先日のサンフレッチェ広島戦は負けてしまい残念でした。
ただその中ですごくワクワクするシーンがありました。
それは88分。ベルマーレが1点負けている場面です。
神谷優太(青森山田高校→湘南ベルマーレ)
— SR (@sr2460) 2016年8月13日
高卒一年目ルーキー。
ドリブル4人抜き。
こいつはやっぱり何か持っている気がする。
プレーもそうだが立ち振る舞いや言動。
雰囲気がある。
育てられるか?多分クラブの価値に直結する。 pic.twitter.com/r3kRB9zGCo
この4人抜きに痺れた。と同時に彼は何か持っているのかもしれない。と感じ
やがてくる未来が少しだけ見えた気がしたのです。
目に力がある。
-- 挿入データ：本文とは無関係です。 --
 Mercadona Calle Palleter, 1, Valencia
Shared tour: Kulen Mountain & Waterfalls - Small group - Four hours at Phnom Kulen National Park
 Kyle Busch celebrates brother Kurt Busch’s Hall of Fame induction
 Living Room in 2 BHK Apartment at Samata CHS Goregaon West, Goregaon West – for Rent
神谷優太
僕は彼が入ってきた時にここまでやるなんて思っていなかったです。
高校サッカー選手権で青森山田でプレーしているのを見て才能があるとは思いましたがまだまだ高校生のプレーでした。
と同時に彼の持つなにかギラギラしたものが印象に残っていました。
実際それは首脳陣も同じだったようで
【ボイス:2016年1月15日】2016新体制発表記者会見 « 湘南ベルマーレ公式サイト
–本日欠席の神谷選手について、プレミアや選手権などで見た印象を曺監督と小原強化部長にお伺いできればと思います。
監督:我々のチームの練習に夏も加わってますし、彼のその小さい頃からどのように人生を送ってきたかというのも、直接的ではないですけども、いろんな人の話を聞いて知ってはいるつもりです。彼は非常にテクニックとかセンスという部分を皆さんから良いと言われていることをよく目にしますが、僕は彼の目力には期待してます。
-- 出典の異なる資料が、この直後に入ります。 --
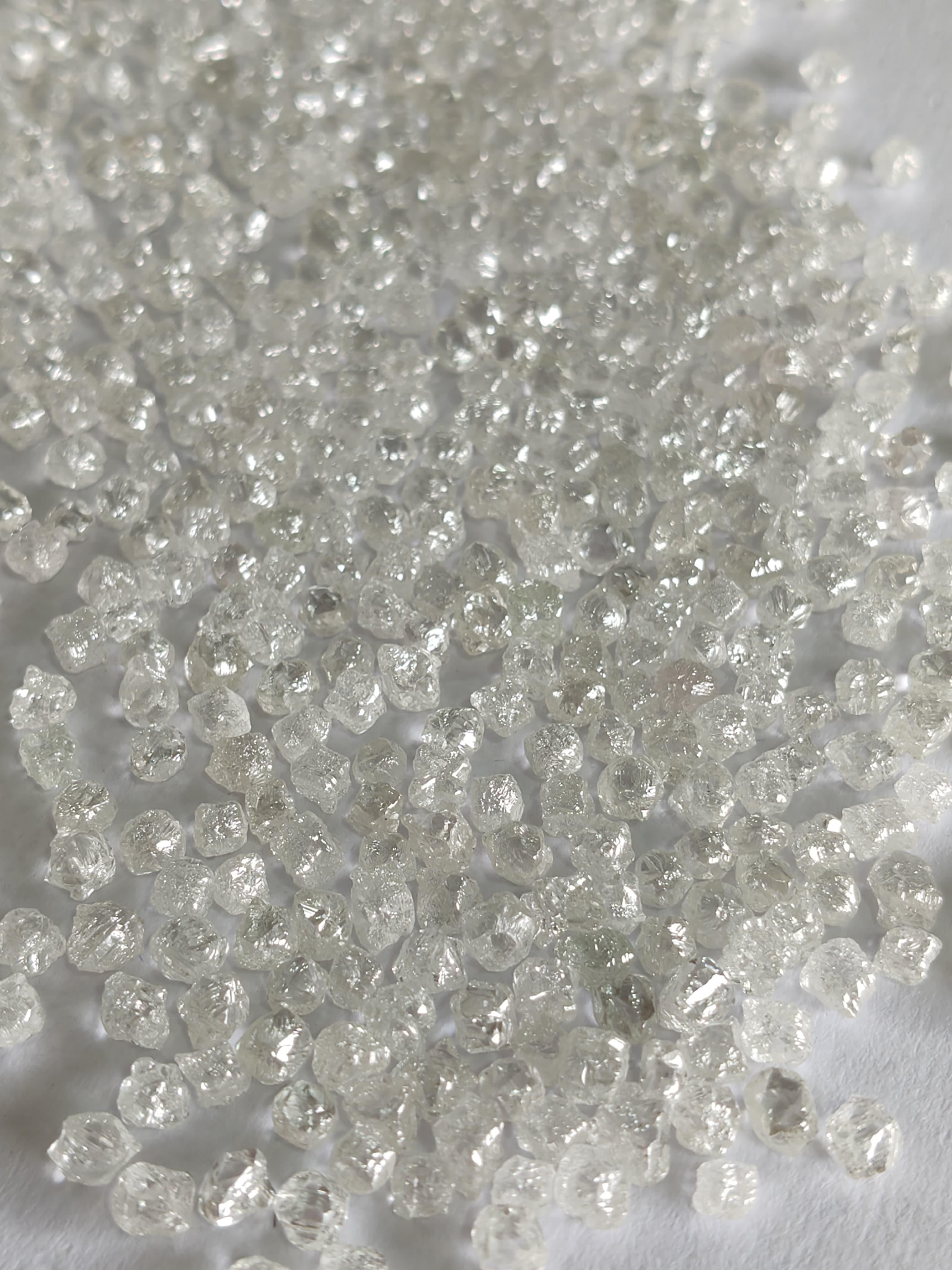 Trusted rough diamond sourcing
高3にして、目に力がある子ってうのは、なかなかいないと思っているので、その目力に恥じないような指導をしてかなきゃいけないと思ってますし、いろんな意味で向上心がさらに彼の中に芽生えるように、ここにいる選手たちと一緒に、なんていうか、大事に育てるつもりとかまったくないんですけども、本当に良いサッカーの喜びっていうのが、若い選手たちに伝わるような、そういうことを少しでも理解してもらえるように、僕は頑張っていきたいなと思っています。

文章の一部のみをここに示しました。